South Kensington Museum contains a noble collection of Persian articles, ancient and modern, made for it in that country by Major E. Murdoch Smith, of the Royal Engineers. I say ancient and modern; but where an art has had a continuous evolution it would be perhaps more philosophical to pronounce its last results the oldest, and its “modern” period that in which it was newest. In no other part of this museum have I seen works which reminded me so much of that long conspiracy between man and nature by which wild-briers have turned to roses. It seemed to me there might be written on the walls this beautiful page of the “Rose Garden” of Sâdi: “I have heard that in the land of the East they are forty years in making a china cup: they make a hundred a day at Bagdad, and consequently you see the meanness of the price. A chicken, as soon as it comes out of the egg, seeks its food; but an infant hath not reason and discrimination. That which was something all at once never arrives at much perfection; and the other by degrees surpasses all things in power and excellence. Glass is everywhere, and therefore of no value; the ruby is obtained with difficulty, and on that account is precious. Affairs are accomplished through patience: the hasty man faileth in his undertakings.”
It was probably under the inspiration of these very words of Sâdi that Bagdad in the end vindicated itself. “The powerful Abbaside Caliphs of Bagdad,” says Major Murdoch Smith, “no doubt summoned to their court men of science and learning from all the countries under their sway—Persia furnishing them with architects and other artists.

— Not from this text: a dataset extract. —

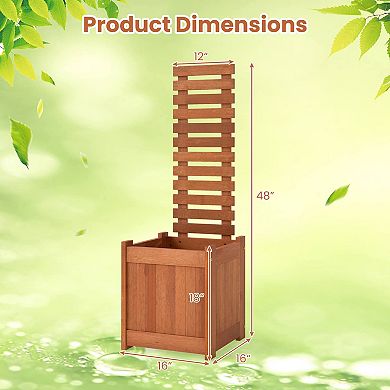 Costway 1 PCS Wooden Raised Garden Bed Elevated Patio Yard Planter Box with Trellis Open-Ended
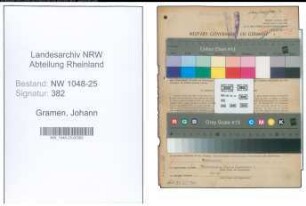 Entnazifizierung Johann Gramen , geb. 11.05.1906 (Schildermaler)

Skilled Persian workmen were no doubt employed in large numbers in decorating the mosques and palaces in the Arab capital, situated as it was on the very frontier of their own country. Thence, we believe, arose the so-called Arabian or arabesque style of ornament, afterward so widely spread, and now so well known. The peculiar pendent ornamentation of vaults and niches, of which the Alhambra is so typical an example, is identical in style with that used throughout Persia down to the present day.” If this theory be true—and really these works appear to sanction it—the Arabs derived their arts from Persia, as the Romans did from the Greeks, and consequently the Moors imported a Persian art into Spain. The Shah of Persia, in wishing to carry back with him Owen Jones’s reproductions of the Alhambra at the Crystal Palace, had good reason for his selection.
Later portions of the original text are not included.